Elizabeth Stern says that she asked to see Whitehead’s entire file, and the psychological report wasn’t there. The report is critical to the Baby M case because Keane’s New York psychologist, Joan Einwohner, tested Whitehead and warned that “she expects to have strong feelings about giving up the baby at the end.” Later in the evaluation, Einwohner said that Whitehead should be questioned further to determine “whether she will be able to relinquish the child at the end. . . . She may have more needs to have another child than she is admitting.” Stern now says that if she had seen the report, she would have asked for more testing and might not have hired Whitehead.

KEANE’S PROGRAM provides surrogates with little in the way of counseling and support. Two of the lawsuits against Keane charge that he does not do enough to insure that surrogates know to abstain from sex with their husbands before and after the artificial insemination process. Judy Stiver, a surrogate from Lansing, Michigan, bore the child of her husband instead of the client. It’s unclear whether anyone would have even bothered to test the baby’s paternity—Keane doesn’t require it—if the infant hadn’t been deformed. Stiver filed suit, claiming that the deformity was the result of a herpes-related virus transmitted to her by the donor’s semen. Keane disputes this, but acknowledges that Stiver was inseminated with sperm that had not been tested for sexually transmitted diseases.

Once the surrogate is pregnant, most surrogacy centers offer regular counseling to prepare the mother for giving up the child. Blankfeld says such sessions could have helped Whitehead overcome her bonding with Baby M. But Whitehead says she was left to fend for herself throughout her pregnancy. Keane’s center doesn’t even have a full-time psychologist on staff. To make things worse, no one from Keane’s agency was at the hospital with Whitehead when she delivered the child. Keane then allowed Whitehead to take the baby home, something that other agencies forbid. By the time the Sterns came around to pick up Baby M, Whitehead had already begun nursing her child.

Keane views himself as an avuncular matchmaker, and not as the administrator of the long, complicated, and delicate process of arranging a successful surrogacy.
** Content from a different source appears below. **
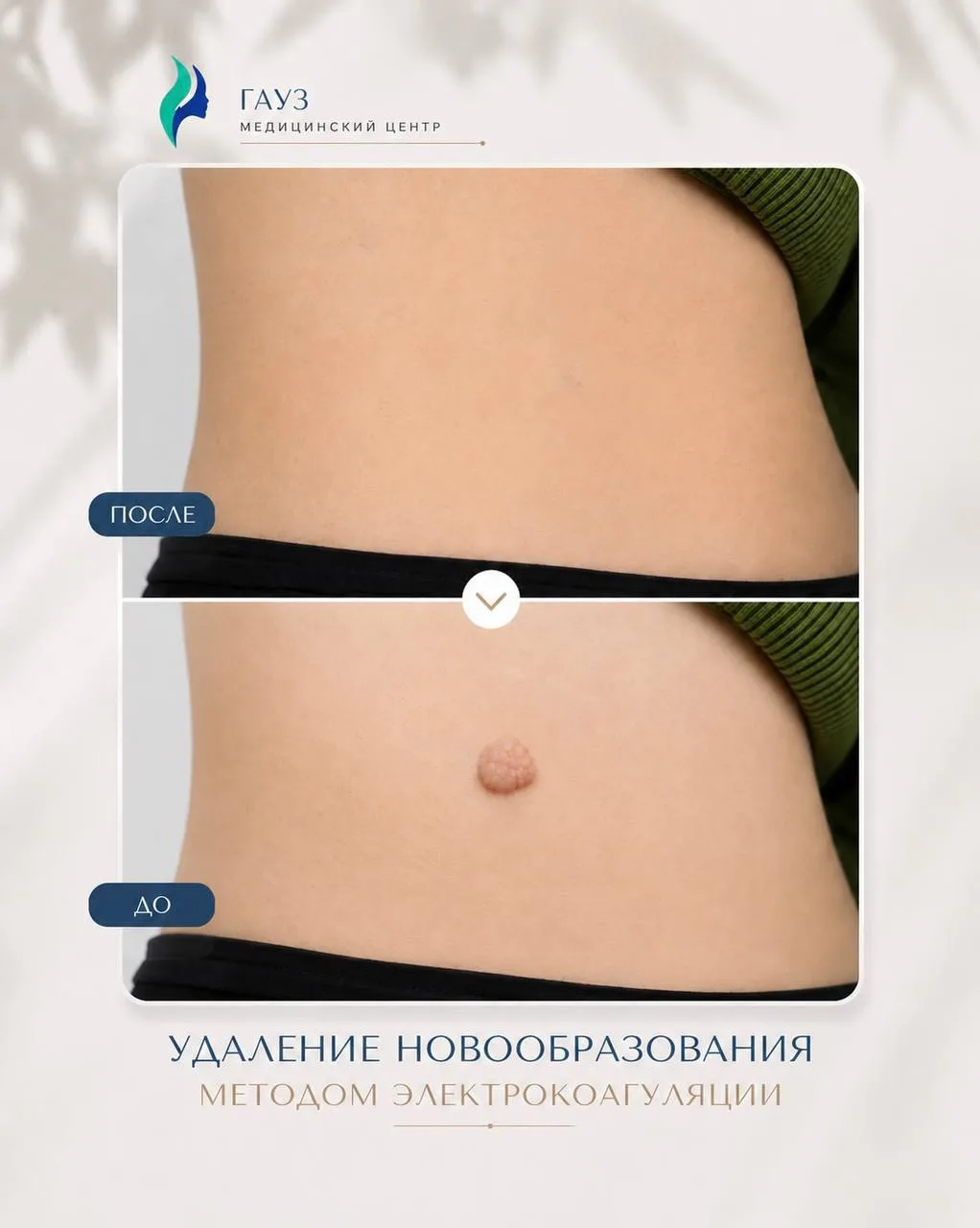 Кейс: удаление новообразования методом электрокоагуляции

В ГАУЗ «Медицинский центр» пациент обратил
In his desire to help infertile couples, he overlooks the enormous responsibilities he has taken on. When problems arise, he is quick to point out that the doctors and psychiatrists his program relies on are independent and responsible. He fails to see, though, that he is the one person who is in charge of all of their work. “I’m a lawyer, not a doctor,” he says repeatedly.

He says he feels no remorse for the problems of Mary Beth Whitehead, the Sterns, Judy Stiver, and Jane Doe. “If this wasn’t such an emotional issue, we wouldn’t go to such pains to weed out potential problems.” Testing was “done and more than done,” he claims. Keane says of his critics: “They’re just a little jealous. I get the notoriety. I get more volume. I’m smarter.” And: “I’m a big boy, I understand the issues involved.”

Keane continues to prosper. Some lawyers thought the Stiver case would destroy him. Instead it landed him a spot on “Donahue.” The Baby M case hasn’t hurt him either. He recently hired a Detroit public relations firm to coordinate his interviews and public appearances. His flack now says that Keane is available to discuss the “legal and medical ethical issues” involved in surrogate motherhood. He has a lot of explaining to do.